◆ Dataset records
_ _ _ _ _

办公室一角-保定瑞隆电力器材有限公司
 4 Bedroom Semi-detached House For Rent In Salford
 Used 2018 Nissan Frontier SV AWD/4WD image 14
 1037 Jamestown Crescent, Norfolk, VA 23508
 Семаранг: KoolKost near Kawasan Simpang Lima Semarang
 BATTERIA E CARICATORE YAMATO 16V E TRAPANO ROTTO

_ _ _ _ _

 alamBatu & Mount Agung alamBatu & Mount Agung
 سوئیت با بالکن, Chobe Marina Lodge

_ _ _ _ _

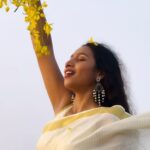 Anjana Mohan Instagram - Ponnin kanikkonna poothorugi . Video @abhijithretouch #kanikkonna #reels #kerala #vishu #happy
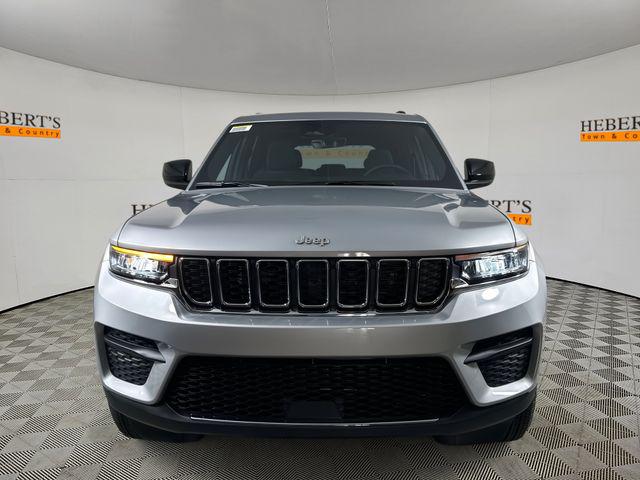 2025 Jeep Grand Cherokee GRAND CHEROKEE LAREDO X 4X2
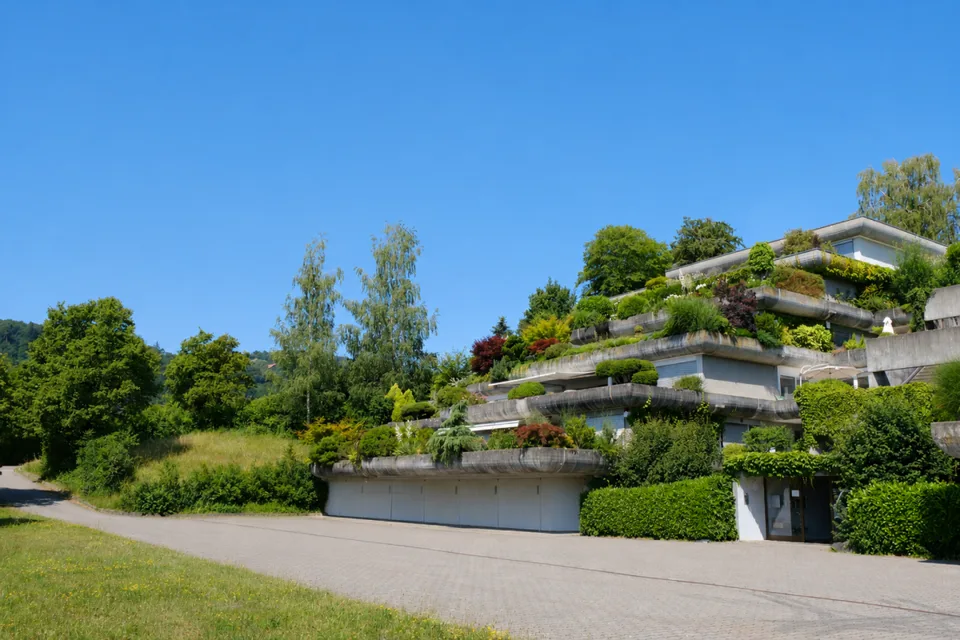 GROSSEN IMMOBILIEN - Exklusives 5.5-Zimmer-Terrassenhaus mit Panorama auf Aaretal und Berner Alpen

_ _ _ _ _

◆ Directions
Look above for the line containing "alamBatu & Mount Agung alamBatu" and the line containing "سوئیت با بالکن, Chobe Marina Lodge". Transcribe both, with the lines between them, exactly.

◆ Solved exercise
 alamBatu & Mount Agung alamBatu & Mount Agung
 سوئیت با بالکن, Chobe Marina Lodge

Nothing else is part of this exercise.